Довольно беспомощная со стороны композиции, сбивающаяся на компиляцию из
исторических вирш, драма эта по своему содержанию, по своей направленности
является ярким памятником времени, когда гетманщина — диктатура козацкой
старшины в союзе с «непобедимыми монархами российскими» — достигла своего
апогея. Это лебединая песня козацко-старшинской поэзии и самое оригинальное из
созданий ее драматургии.

Как
видим, повествовательным произведениям среди памятников литературы XVII в.

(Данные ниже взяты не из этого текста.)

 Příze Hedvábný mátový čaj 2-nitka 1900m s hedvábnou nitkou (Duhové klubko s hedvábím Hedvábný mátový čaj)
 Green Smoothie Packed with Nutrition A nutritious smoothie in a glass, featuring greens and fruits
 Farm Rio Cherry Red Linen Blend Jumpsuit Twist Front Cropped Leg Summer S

принадлежит весьма скромное место. Они представлены рядом повестей и
повествовательных сборников, гл. обр. переводных. Преобладает культовое
красноречие. XVII—XVIII века значительно пополнили имевшийся в украинской литературе
запас т. наз. «апокрифов»; в 1637 напечатан был старинный, известный, видимо,
еще в Киевской Руси, византийский роман «Житие Варлаама и Иоасафа»

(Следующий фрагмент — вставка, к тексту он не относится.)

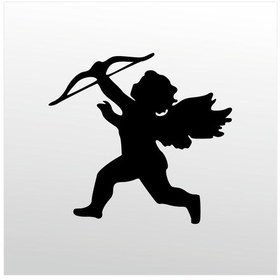 Resim Folyo Sticker Melek Kız 70cm Uzunluk Siyah 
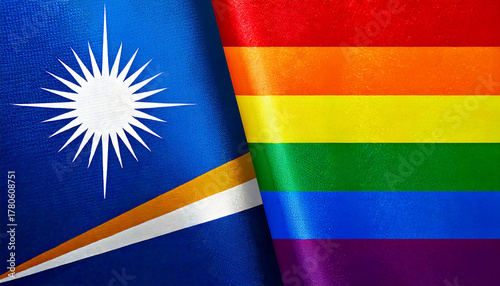レインボーフラッグとマーシャルの国旗(Pride Flag & Marshall Islands flag.)
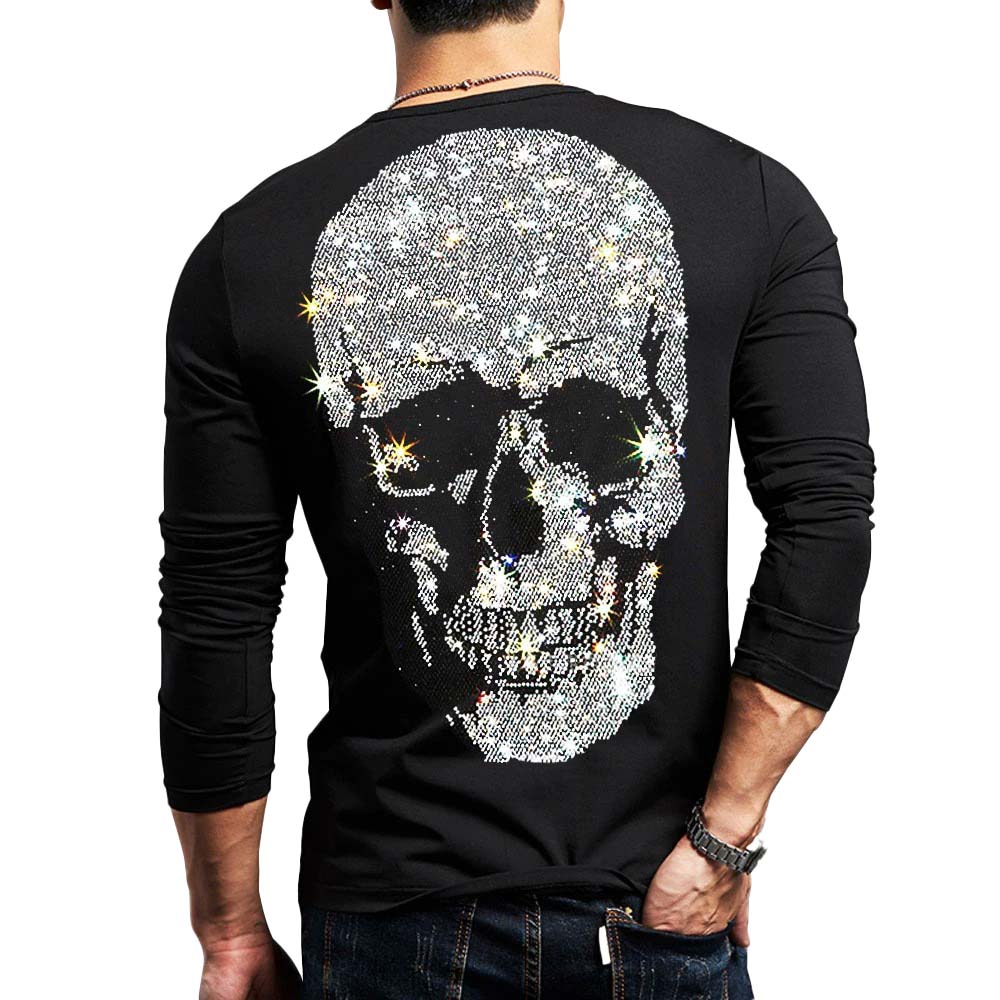 Men's black long sleeve sweatshirt with sparkling rhinestone skull print on back, stylish and casual.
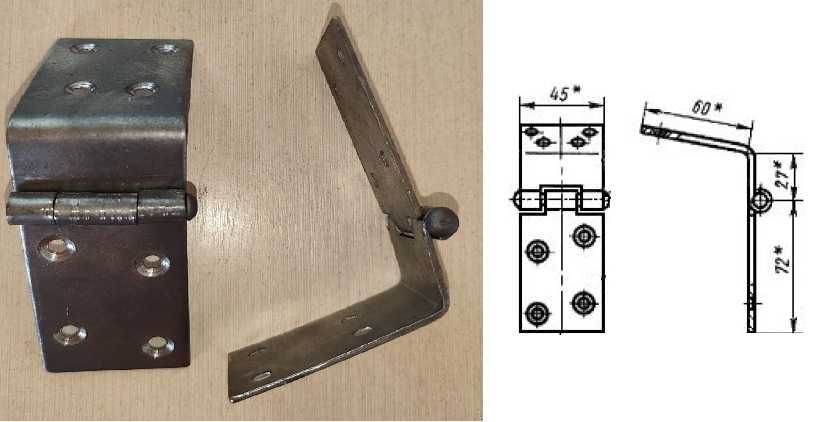 Фурнітура металева для тари, замок, петля шарнірна, ручки, кутники
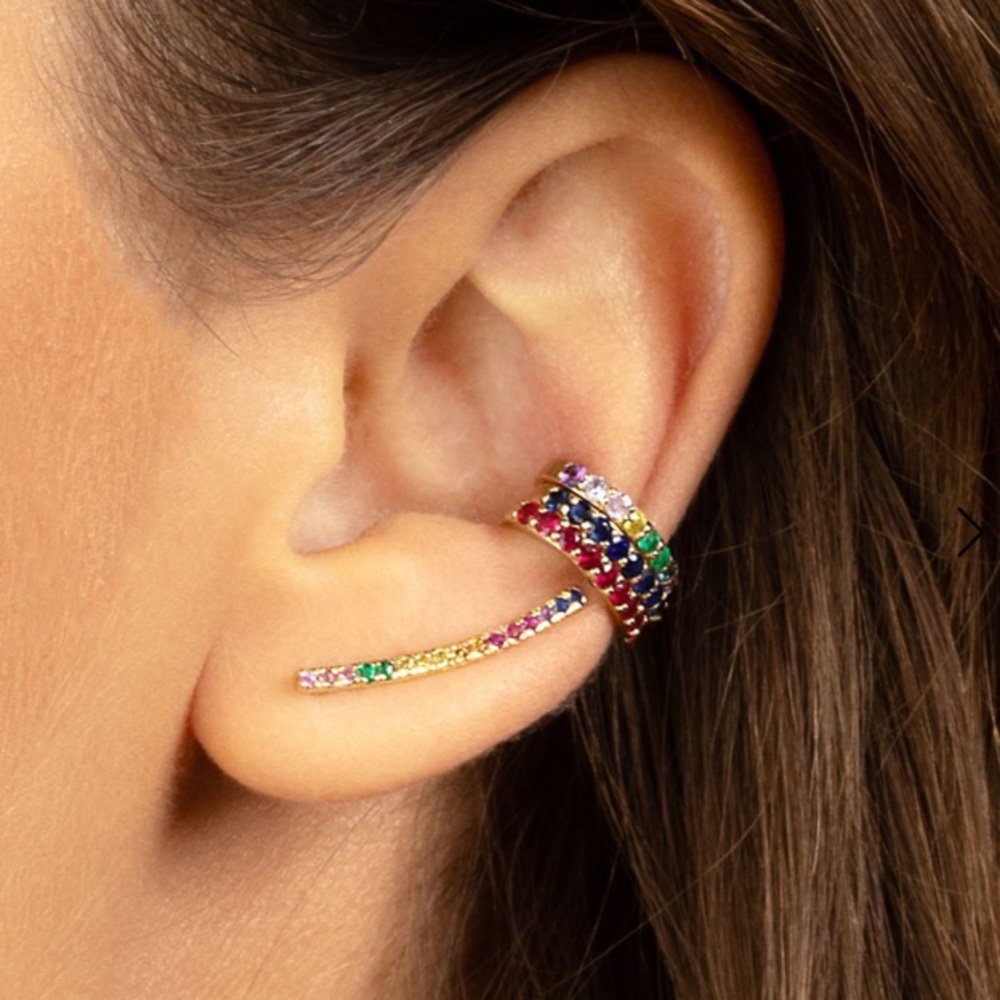 The Last Line 14K White Gold Rainbow Ear Cuff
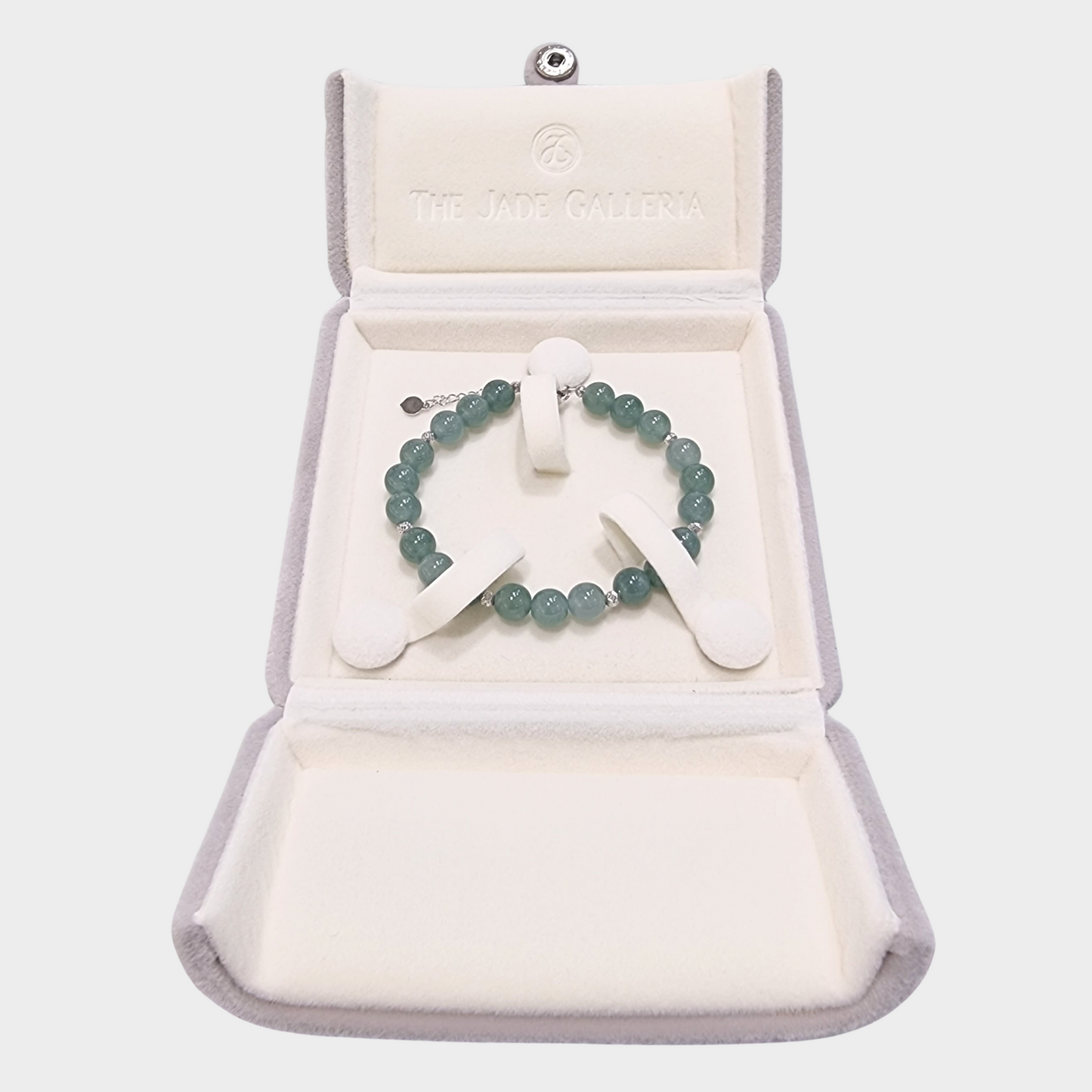 [Bluish-Green Dewdrops] Jadeite Jade Beads Bracelet in White Gold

(перелицованная в христианское житие легенда о Будде); умножались рукописи
переводного же старого романа об Александре Македонском (т. наз. «сербской
Александрии»). Рядом с этим, как результат западного влияния, появились
переводы западных рыцарских романов («Повесть о кесаре Оттоне», «Бова
Королевич» и др.); с Запада же пришел и переводился знаменитый в средние века
сборник «Семь мудрецов». Однако главное внимание литераторов-церковников
устремлено в сторону обширной литературы «чудес», начиная от католического
сборника «Великое зерцало» (известного в оригинале и в переводе на польский
язык) и кончая собственными изделиями. Чтобы поднять авторитет Киево-Печерского
монастыря, издан еще раз с дополнениями старый «Киево-Печерский патерик», к которому
добавлено, по поручению Петра Могилы, обширное продолжение («Тератургима або
чуда» Афанасия Кальнофойського, 1638), чтобы доказать, что магическая сила
киево-печерских святынь не иссякает и в новейшее время. Изобилуют сборники
«Чудес богородицы» («Небо новое» Йоанникія Галятовського, 1665, «Руно
орошенное» Дмитрия Ростовского, 1683, и мн. др.), настойчиво проводящие идею
наград и кар — своего рода систему запугивания и устрашения. В эпоху, когда
«реформационные веяния» носились в воздухе, когда благополучию церковных
магнатов и их приспешников все время угрожали  то нападки униатов, то брожения среди
мещанства и селян, — мобилизовывался весь аппарат святынь и вокруг него
подновлялся, творился, популяризировался целый эпос фантастических, устрашающих
и требующих беспрекословного подчинения авторитету сказаний. Самое количество
их косвенно свидетельствует о нарастании противоцерковных течений, хотя в
литературных памятниках эпохи выразиться они, по понятным причинам, еще не
могли.

При
всей оторванности от интересов народной массы, при всей склонности к формализму
барочная литература второй половины XVII в. все же сослужила службу делу
культурного прогресса. Она ввела и узаконила ряд новых литературных жанров,
европеизируя старую письменность; создала, продолжая начатое в первой половине
века дело, ряд учебных руководств, использованных и для нужд просвещения
Московской Руси XVII в. Первые труды по грамматике славянского языка, словари,
исторические сочинения пришли на Москву с Украины. Среди последних необходимо
назвать «Синопсис» [1674] — историческую компиляцию, приписываемую киевскому
деятелю Иннокентию Гизелю и служившую учебником русской истории вплоть до
появления «Краткого летописца» Ломоносова [1760]. Москва пользовалась
напечатанными на Украине книгами, выписывала к себе ученых украинцев: целый ряд
деятелей русской литературы XVII в. (Епифаний Смавинецкий, Симеон Полоцкий) и
проводников петровской реформы в начале XVIII в., активно участвовавших в
русской литературе, состоит либо из выходцев с Украины, либо из людей,
испытавших прямое влияние «киевской» школьной науки.
Литература XVIII в.

Начало
XVIII в. застало козацко-старшинскую культуру на Украине еще достаточно
стойкой. Еще ставились школьные драмы в Киевской академии, произносились
«орации» (речи), сочинялись панегирики, прославлявшие гетмана Мазепу и царя
Петра после победы его над Мазепою, писались исторические вирши. Разрасталась  литература козацких летописей и мемуаров
[летописи Самовидца (1702), Грабянки (1710), С. Величка (1722), Ханенка (1722)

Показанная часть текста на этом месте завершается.